= What the task requires =
Write out, without any change, the lines in the material below that run from the line with "Ghunghata Mein Chamke Gaal image" through the line with "Televisão de 32 polegadas (tirar peça)", both included.

= Input for this task =
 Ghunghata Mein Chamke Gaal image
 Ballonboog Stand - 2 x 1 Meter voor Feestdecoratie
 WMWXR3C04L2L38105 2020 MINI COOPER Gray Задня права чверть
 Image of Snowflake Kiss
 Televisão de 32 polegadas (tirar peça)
--
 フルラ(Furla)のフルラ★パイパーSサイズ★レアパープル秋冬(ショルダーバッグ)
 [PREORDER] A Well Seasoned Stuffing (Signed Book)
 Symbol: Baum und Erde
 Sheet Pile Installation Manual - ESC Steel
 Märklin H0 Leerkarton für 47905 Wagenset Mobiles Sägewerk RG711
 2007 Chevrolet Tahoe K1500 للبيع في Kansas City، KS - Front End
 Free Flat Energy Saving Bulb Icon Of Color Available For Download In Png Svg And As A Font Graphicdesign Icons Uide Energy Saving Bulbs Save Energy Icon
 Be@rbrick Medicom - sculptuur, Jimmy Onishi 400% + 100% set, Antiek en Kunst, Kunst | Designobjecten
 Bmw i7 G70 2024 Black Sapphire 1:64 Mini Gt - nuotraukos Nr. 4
...
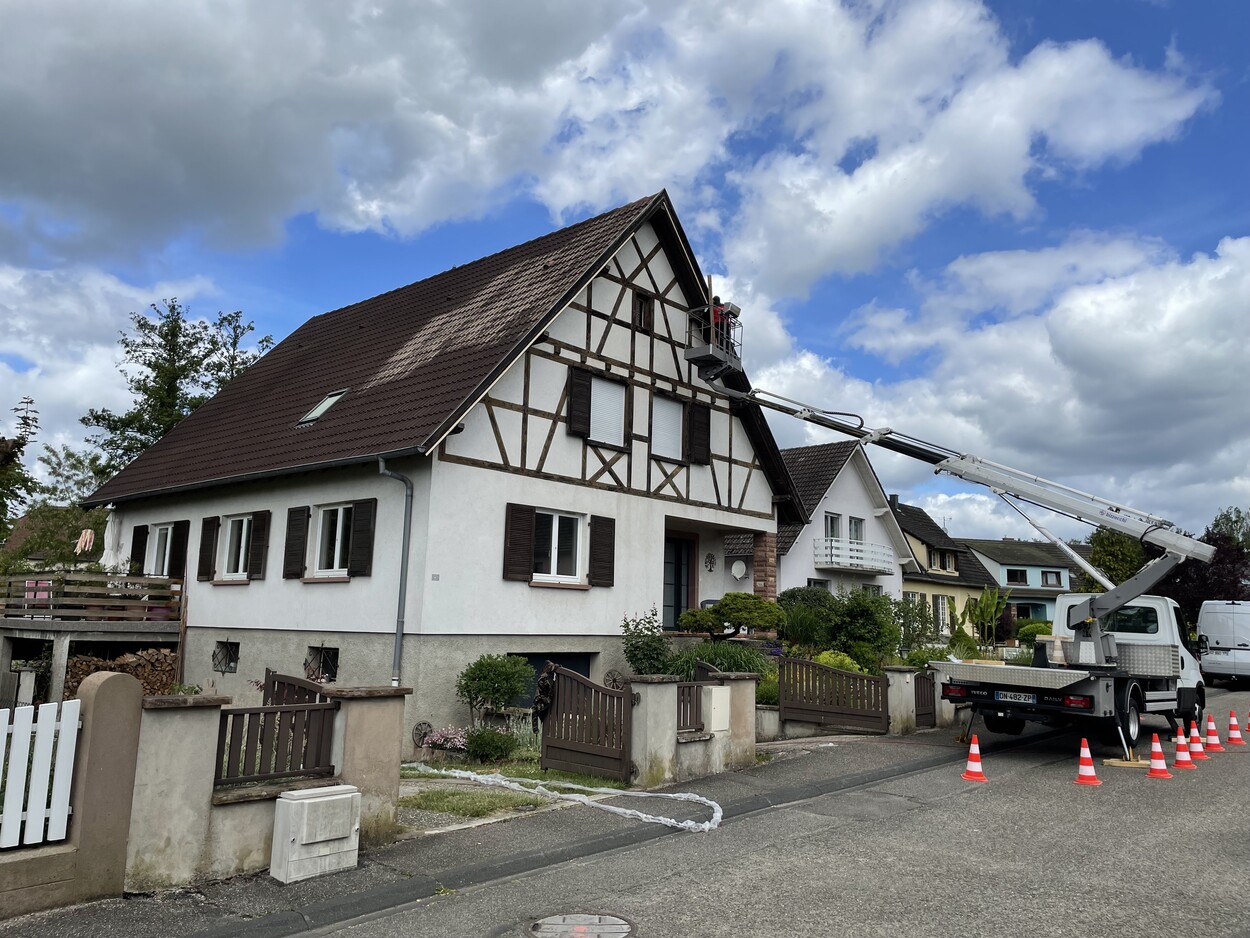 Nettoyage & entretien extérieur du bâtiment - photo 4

= Finished exercise =
 Ghunghata Mein Chamke Gaal image
 Ballonboog Stand - 2 x 1 Meter voor Feestdecoratie
 WMWXR3C04L2L38105 2020 MINI COOPER Gray Задня права чверть
 Image of Snowflake Kiss
 Televisão de 32 polegadas (tirar peça)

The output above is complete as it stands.